What do you love about your job?
It’s the challenge – no two days are ever the same. Living in the UK and still being able to do meaningful work on my continent – Africa – is a great thrill for me. I’ve always loved tech and interacting with big tech/media platforms like Facebook, YouTube and Google during my days as the head of The Guardian Nigeria digital newsroom in Lagos, made me dream of working in these companies. At the time I moved to the UK, there were no tech PR agencies in Nigeria so I didn’t imagine finding myself at one. Working at Wimbart affords me the opportunity to shape the African narrative, amplify and deepen the conversations on African startups, and promote direct foreign investment to my continent, and that’s so satisfying. I love the fundraising announcements as much as the crisis communication and the storytelling. Telling the stories of startups in emerging markets, global VCs and PE has broadened my knowledge of the tech ecosystem and I’m absolutely thankful for that.
What are you most proud of?
I’m proud of my courage to leave a very successful career and comfortable life behind and move with my young family across continents to start all over again.
What’s been the hardest lesson to learn?
That even for the greatest genius, starting all over again in a new culture is hard and filled with phases of self-doubt and near-regrets. But with tenacity and the right community, the sun will shine again.
Who are your favourite people in PR and why?
Celebrities like Elon Musk and the Kardashians show how powerful the PR machine can be – for good or bad.
What skill do you think every PR/comms person has to nail?
The art of persuasion.
What is your favourite social network and why?

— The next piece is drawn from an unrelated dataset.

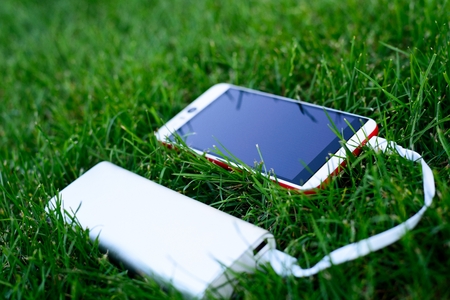 Powerbank charging white and red smartphone - outdoor, grassの写真素材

Twitter (nope, not calling it X), because where else can you find quality conversations without people trying too hard to be professionals or funny?

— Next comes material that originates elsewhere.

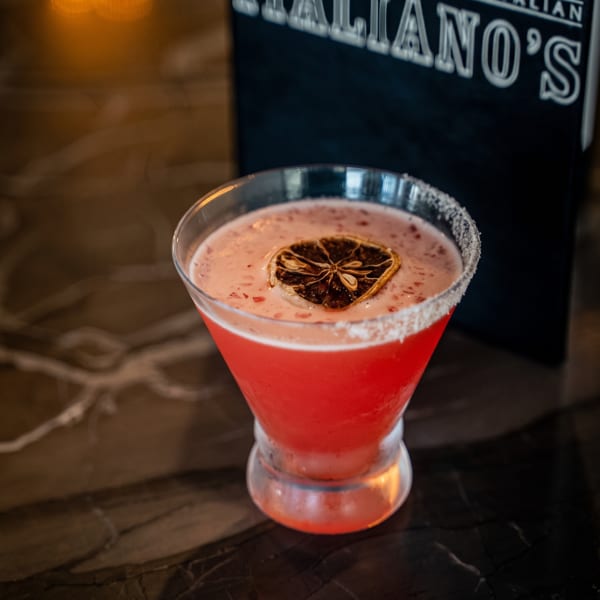 A vibrant pink cocktail with a sugar rim and dried orange slice, next to an Italiano's menu.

What’s your favourite podcast and why?
The Daily hosted by Michael Barbara of the New York Times. It was the first profitable podcast and showed me the future of media. It made me take podcasting seriously as a medium of influence.
Who is your favourite journalist and why?
This is a really tough one. How does a PR pro answer this without ruffling feathers? My favourite journalist at the moment would have to be music critic Joey Akan. Joey’s mastery of the Afrobeats culture and the work he does to ensure the history isn’t lost in today’s popular wave is enviable. Joey provides the backstory to every afrobeat movement ensuring that credit is given to those due – love it!
What’s the best advice you’ve ever been given?
Everything good will come. It helps me remember that life is in phases and nothing is permanent.
Biggest PR campaign fail and yay of 2023 so far?
The hard-to-top yay for 2023 (fingers crossed) would probably be singer Rihanna’s half time show at this year’s Superbowl. While her performance was sloppy (sis could barely move her body due to the bulge), announcing her pregnancy and topping up her red lippie mid-show with her Fenty, and then releasing superbowl-themed products in the same week was a wild masterclass in leverage.
A PR campaign that was dead-on-arrival for me was the BBC’s thoughtless response to Gary Lineker’s tweet on the government’s immigration/asylum position; the unforeseen walkouts that followed, and the subsequent impact on sports programming on the channel. The BBC tried to walk back the situation a bit too late and got criticised by many for their unprofessional treatment of Gary.
Finally, on the D’ word… What can the sector do to encourage diversity?
Introduce affirmative action at sector level that allows better visibility for BME Pros thereby triggering organic conversations in the media to attract more BMEs in the sector.
Lolade was awarded a place on The Xec. Leadership Scheme for UK-based Black, Asian, Mixed Race, and Ethnic Minority PR and comms pros. She is part of the class of 2024.